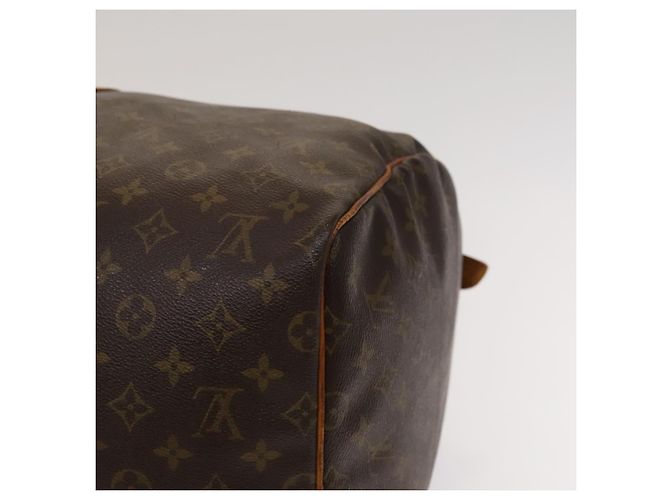 LOUIS VUITTON Monogram Keepall 50 Borsa Boston M41426 LV Auth 116929 Monogramma - vista 12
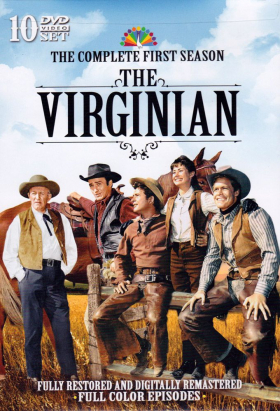 couverture film The Virginian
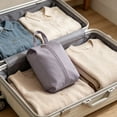 thumbnail image 4 of Portable Lingerie Organizer - Compact Daily Outing Packing Cube, Travel Storage Bag For Suitcase Organization (10.6x3.9x3.9 Inch), 4 of 6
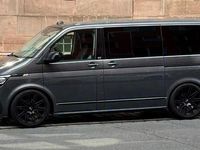 Gebraucht VW Multivan Sportline 204 PS (150 kW) 2021 Grau Van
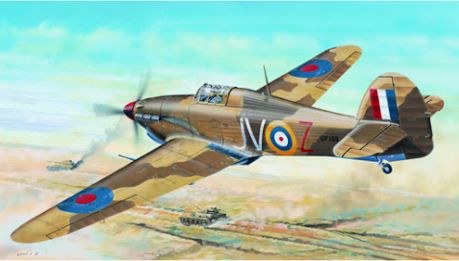 Trumpeter 1/24 Scale Hawker Hurricane IID Trop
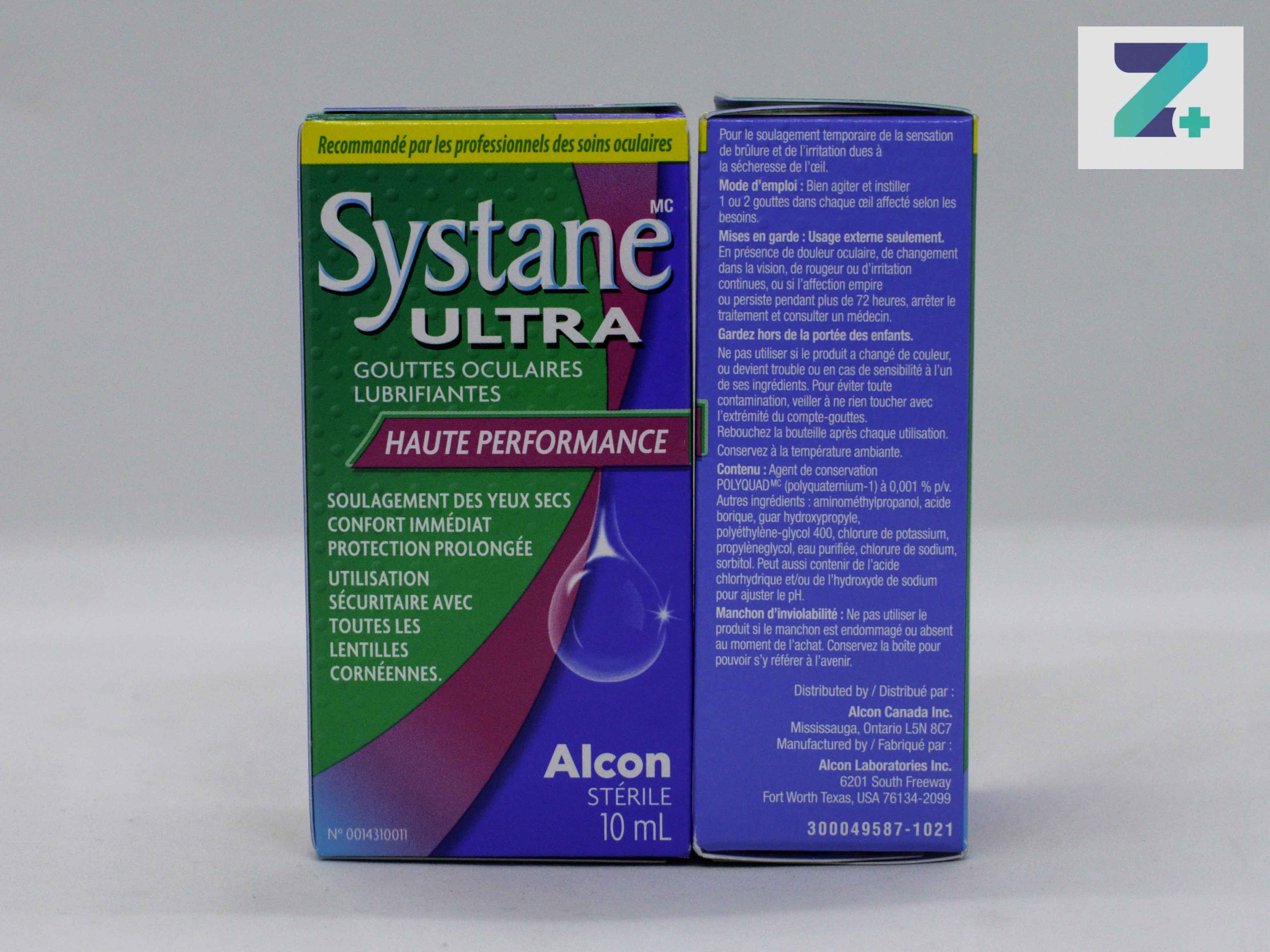 SYSTANE ULTRA EYE DROPS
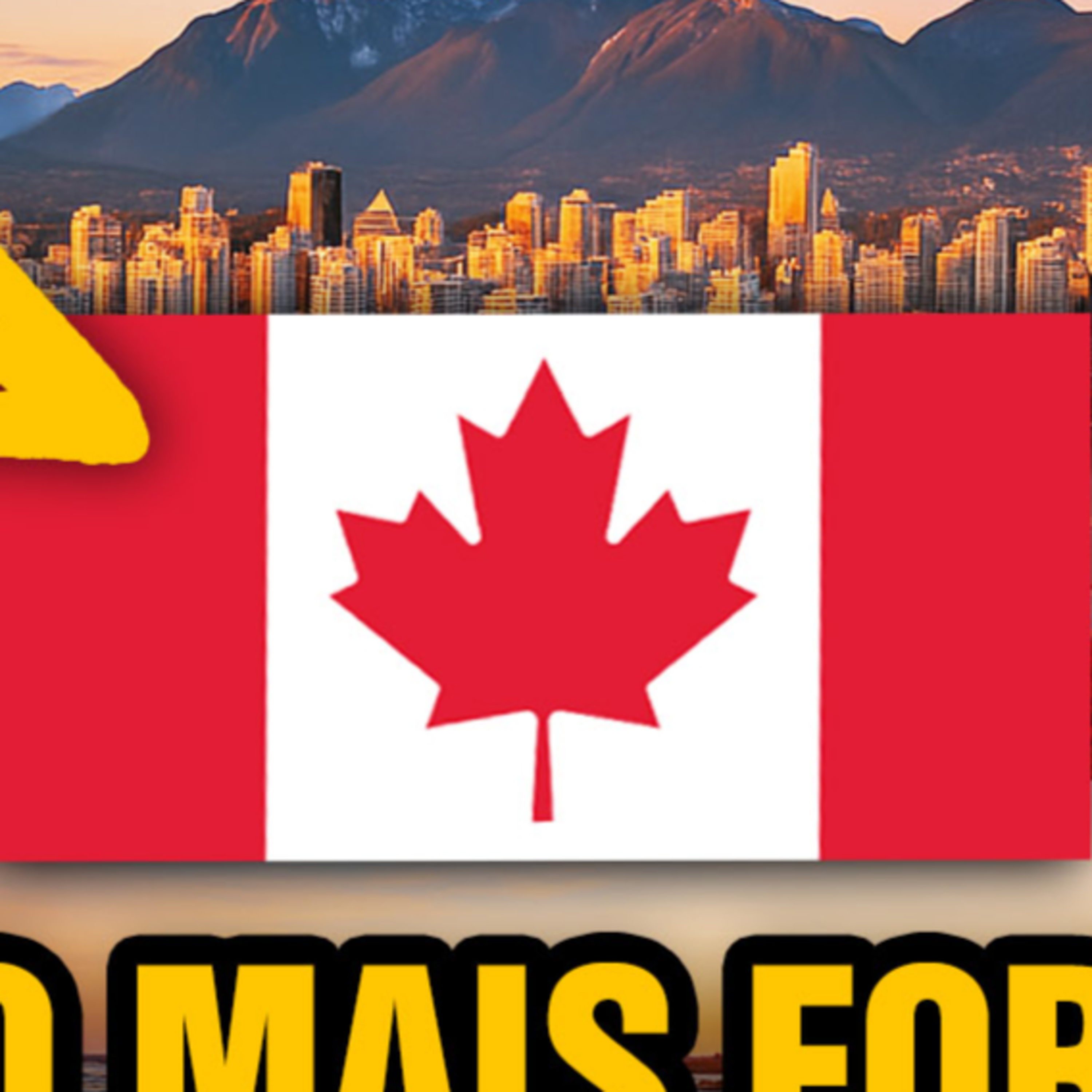 O Segredo da Imigração Canadense em 2025: Oportunidade única pra residência permanente no Canadá  episode artwork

-*-

§ **Assignment**: Transcribe the data exactly, minus any images.

§ **Response**:
 LOUIS VUITTON Monogram Keepall 50 Borsa Boston M41426 LV Auth 116929 Monogramma - vista 12
 couverture film The Virginian
 thumbnail image 4 of Portable Lingerie Organizer - Compact Daily Outing Packing Cube, Travel Storage Bag For Suitcase Organization (10.6x3.9x3.9 Inch), 4 of 6
 Gebraucht VW Multivan Sportline 204 PS (150 kW) 2021 Grau Van
 Trumpeter 1/24 Scale Hawker Hurricane IID Trop
 SYSTANE ULTRA EYE DROPS
 O Segredo da Imigração Canadense em 2025: Oportunidade única pra residência permanente no Canadá  episode artwork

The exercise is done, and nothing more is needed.